ECLI:NL:CRVB:2019:540
Centrale Raad van Beroep
- Hoger beroep
- N.J. van Vulpen-Grootjans
- Rechtspraak.nl
Beëindiging consignatiediensten en afbouw consignatietoelage bij politie
Op 7 februari 2019 heeft de Centrale Raad van Beroep uitspraak gedaan in een hoger beroep tegen een beslissing van de rechtbank Gelderland. De zaak betreft de beëindiging van consignatiediensten en de bijbehorende consignatietoelage van een politieambtenaar, appellant, die werkzaam is bij de eenheid Oost-Nederland. De korpschef van politie had op 25 oktober 2016 besloten om de consignatiediensten van appellant te beëindigen en de consignatietoelage tot 1 januari 2017 door te betalen op basis van een fictieve consignatieplanning.
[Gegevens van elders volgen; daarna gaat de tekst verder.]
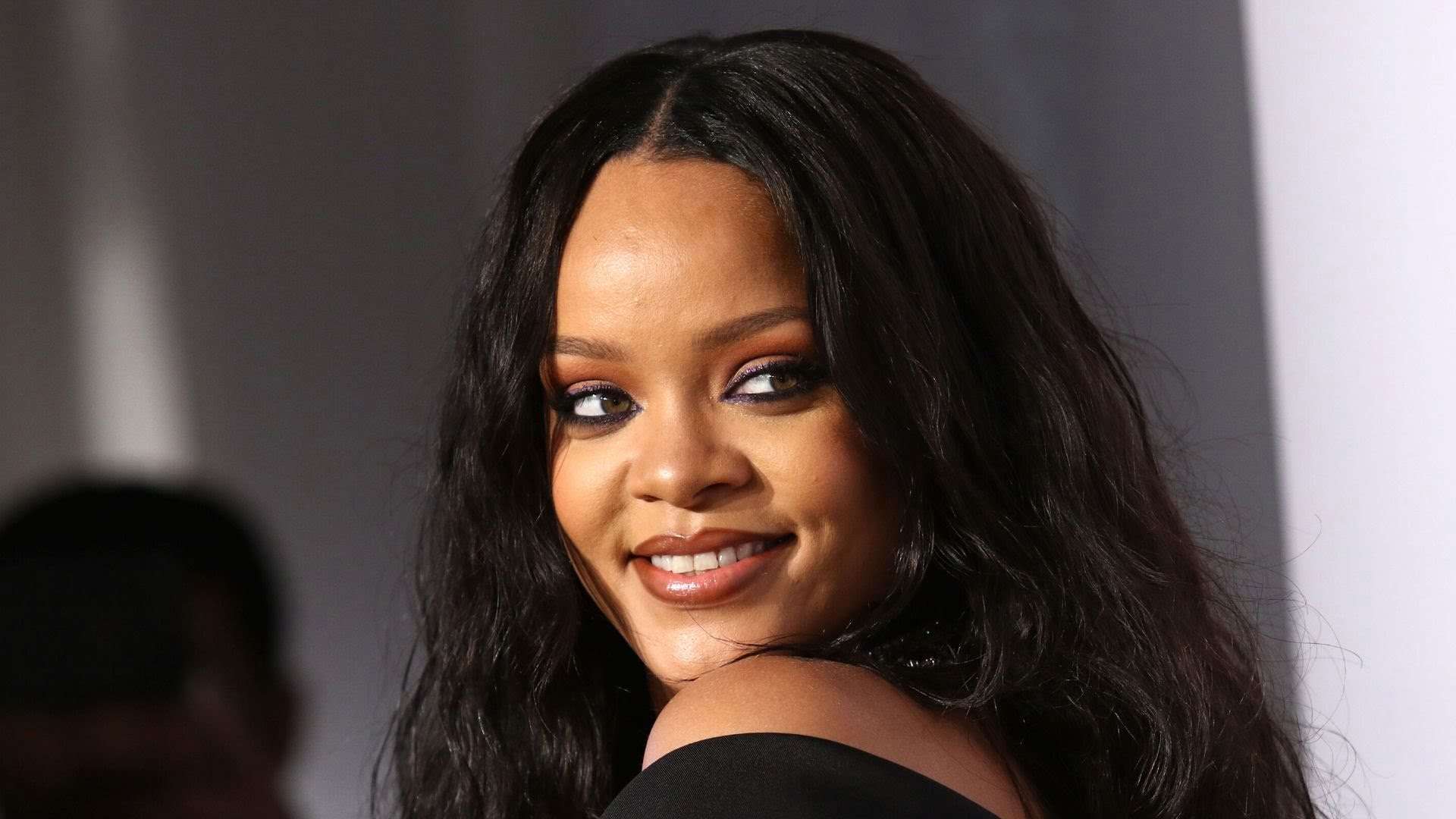 rihanna net worth 2021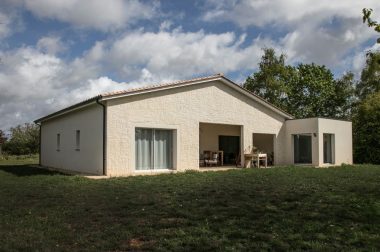 Une maison neuve qui allie tradition et modernité à Trélissac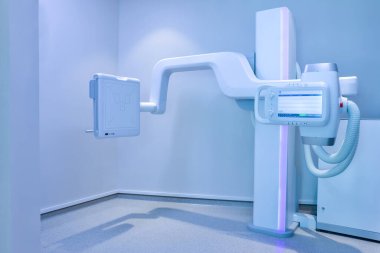 Modern hastanede röntgen cihazları var. Modern X-ray makinesi ve hastanede Axial Tomografi taraması. Hastanenin ameliyat odasındaki röntgen odası. Klasik tavana monte edilmiş röntgen cihazı.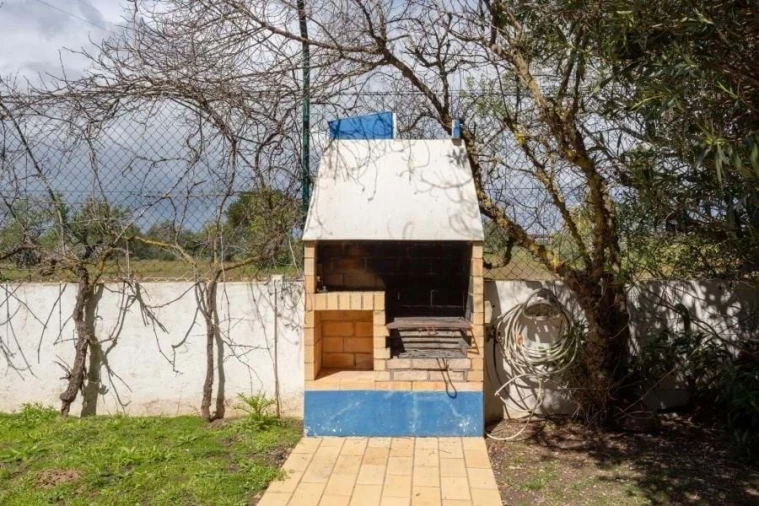 Moradia T4 para Venda em Guia Foto 30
Appellant was het niet eens met deze beslissing en heeft bezwaar aangetekend, maar dit bezwaar werd ongegrond verklaard door de korpschef op 10 juli 2017.
De rechtbank Gelderland verklaarde het beroep van appellant tegen het bestreden besluit ongegrond. In hoger beroep stelde appellant dat de beëindiging van de consignatiediensten leidde tot een aanzienlijke inkomensachteruitgang en dat de korpschef een ruimere afbouwregeling had moeten treffen. De Centrale Raad van Beroep oordeelde echter dat de wet- en regelgeving geen afbouwregeling vereisen bij beëindiging van consignatiediensten en dat de korpschef niet onzorgvuldig had gehandeld door de consignatietoelage niet langer dan tot 1 januari 2017 door te betalen. De Raad benadrukte dat de consignatietoelage geen vast onderdeel van het inkomen van appellant vormde en dat appellant op de hoogte was van de beëindiging van de diensten.
De Centrale Raad van Beroep bevestigde de uitspraak van de rechtbank en oordeelde dat er geen aanleiding was voor een proceskostenveroordeling. De uitspraak werd gedaan door N.J. van Vulpen-Grootjans, in tegenwoordigheid van griffier Y. Itkal, en werd openbaar uitgesproken op 7 februari 2019.